* DIRECTIONS FOR THIS TASK *
With the pictures left out, copy the listing below exactly.

* DATASET CONTENT *
==*==

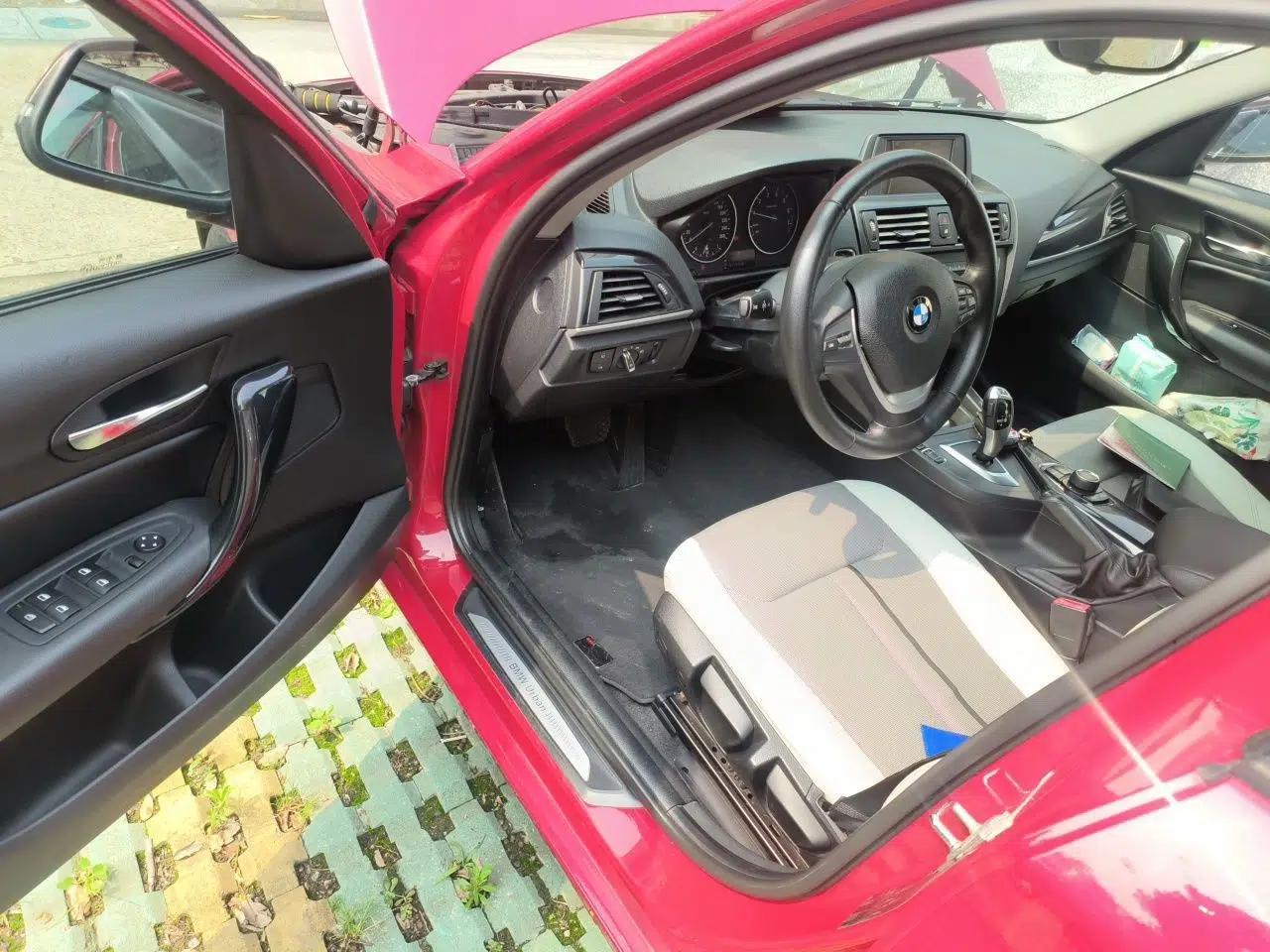 BMW 1 Series 2012 116i Urban Edition — миниатюра 16
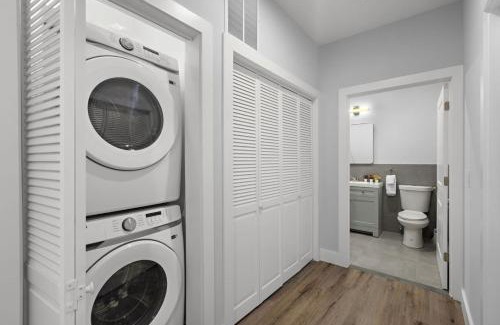 Constable Hook Apartment | Chic Retreat Free Parking 30Min to NYC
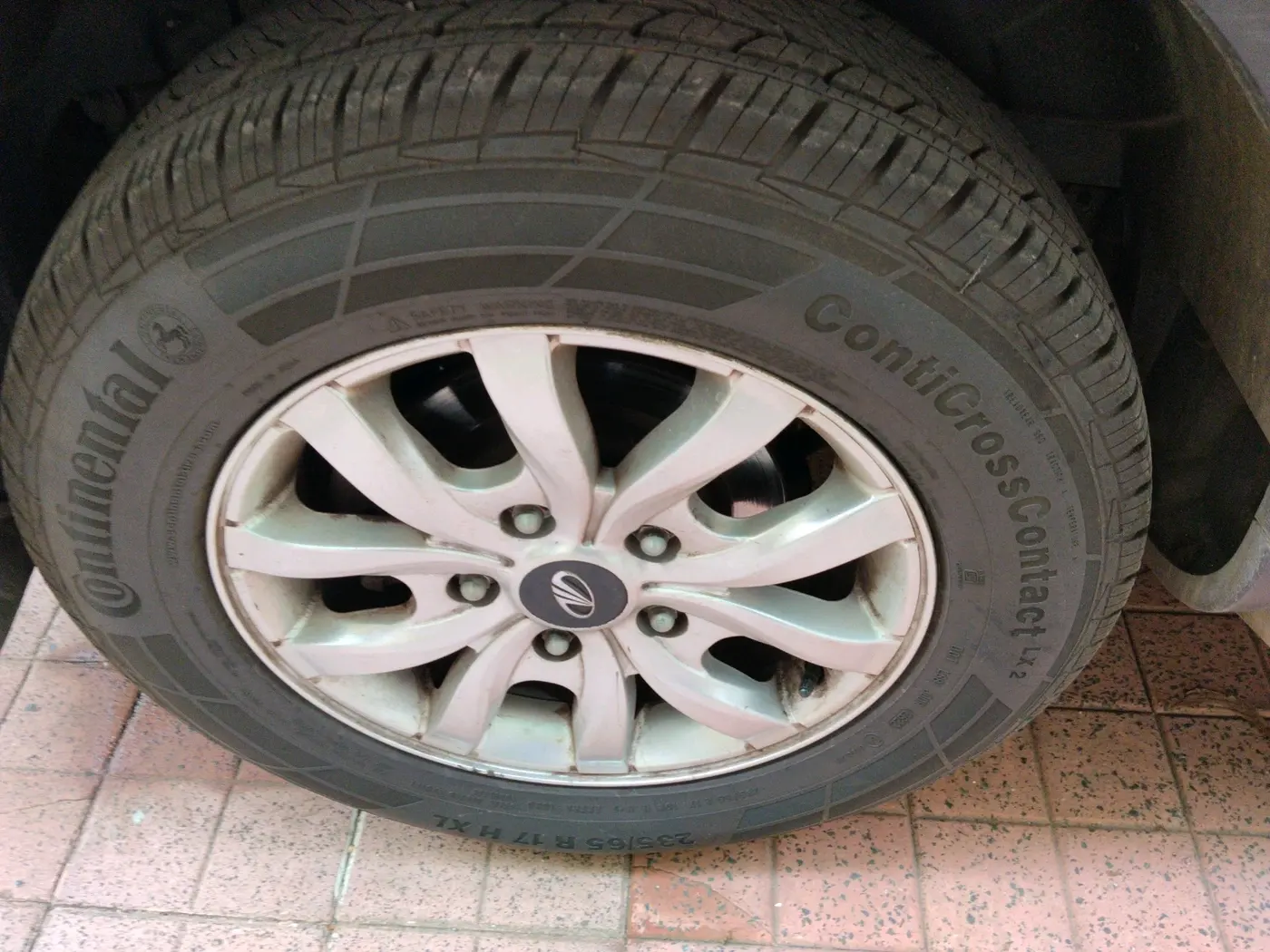 2015 Mahindra XUV500 W10, Diesel, Manual, 68,558 km, tyre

==*==

* OUTPUT OF THE TASK *
 BMW 1 Series 2012 116i Urban Edition — миниатюра 16
 Constable Hook Apartment | Chic Retreat Free Parking 30Min to NYC
 2015 Mahindra XUV500 W10, Diesel, Manual, 68,558 km, tyre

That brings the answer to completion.